Recorded data:

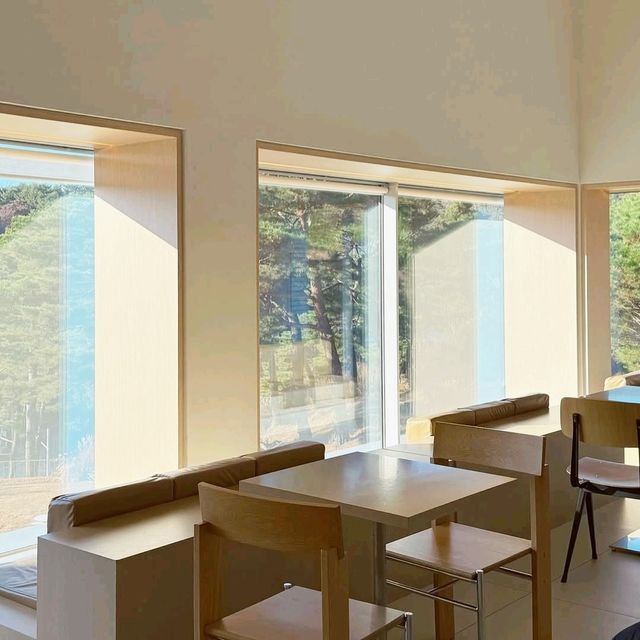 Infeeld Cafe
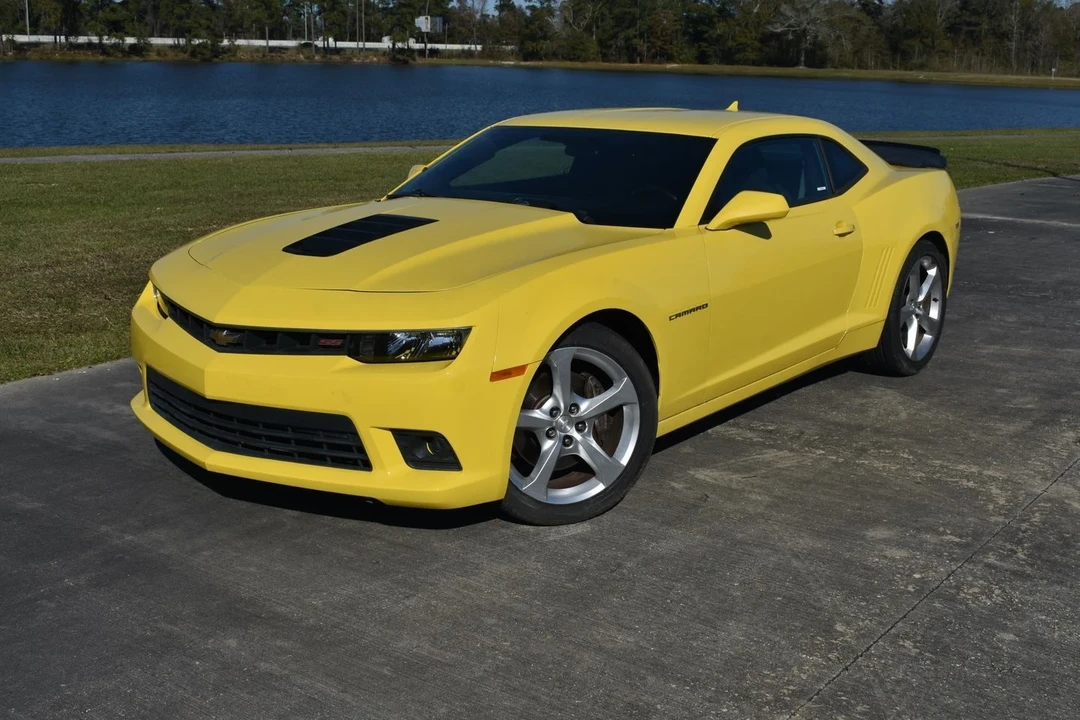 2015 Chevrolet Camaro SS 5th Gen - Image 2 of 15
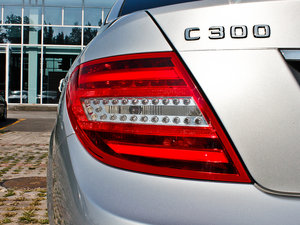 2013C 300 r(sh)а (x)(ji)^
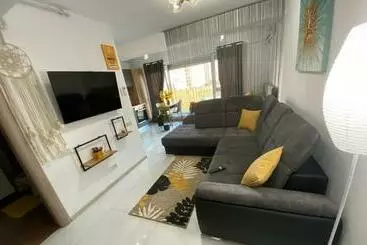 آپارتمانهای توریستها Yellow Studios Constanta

Work order:
Print the material again word for word. Please drop every picture.

Final answer:
 Infeeld Cafe
 2015 Chevrolet Camaro SS 5th Gen - Image 2 of 15
 2013C 300 r(sh)а (x)(ji)^
 آپارتمانهای توریستها Yellow Studios Constanta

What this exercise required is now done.